Terrible news. What a waste.


----------



## gail1 (Dec 7, 2012)

how sad....


----------



## Pumper_Sue (Dec 7, 2012)

After reading this on the net and also hearing it on the news, I sincerely hope the two journalists involved lose their jobs and liberty. After all their stupidity has cost someone their life and and also lost two children their Mother


----------



## Steff (Dec 7, 2012)

They should be held accountable someone how, sickos!

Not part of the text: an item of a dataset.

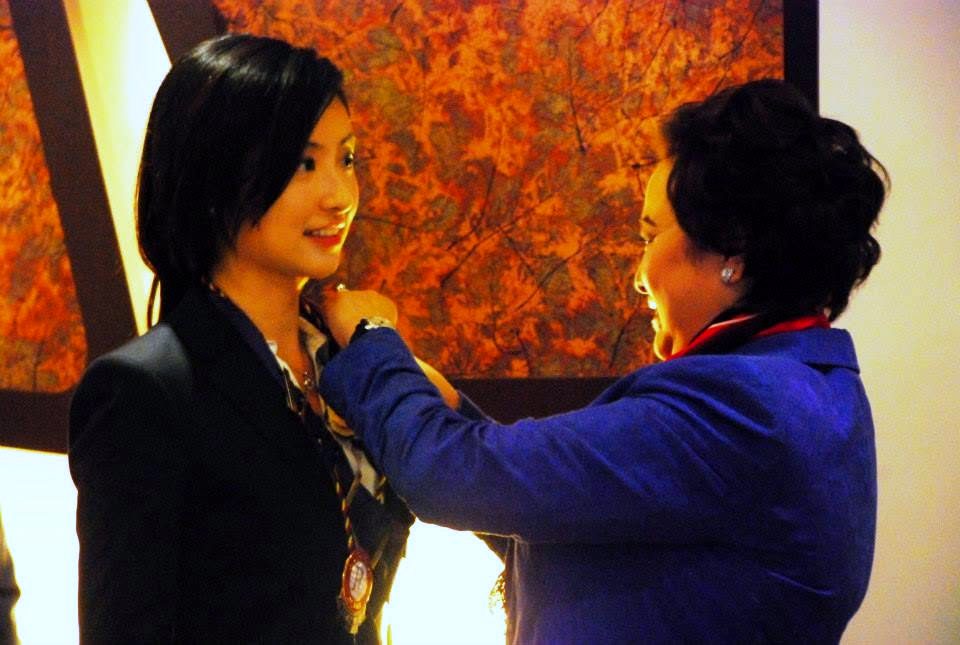 One person in a blue jacket fastens a ceremonial collar round the neck of another, who is smiling.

SO SO sad this poor lady took her life condolences to her loved ones left behind


----------



## bev (Dec 7, 2012)

Hi Northerner,

What a sad end to this story.I do think the people who made the call were wasting everyones time and making a nuisance call for no apparent reason other than to humour themselves. But - I doubt anyone could have predicated such an outcome as this could they - I am fairly sure if they had known what might happen they wouldnt have done it. Too late now though isnt it - was it worth the laugh?Bev


----------



## HOBIE (Dec 7, 2012)

Poor soul  , she sounds so nice.


----------



## StephenM (Dec 7, 2012)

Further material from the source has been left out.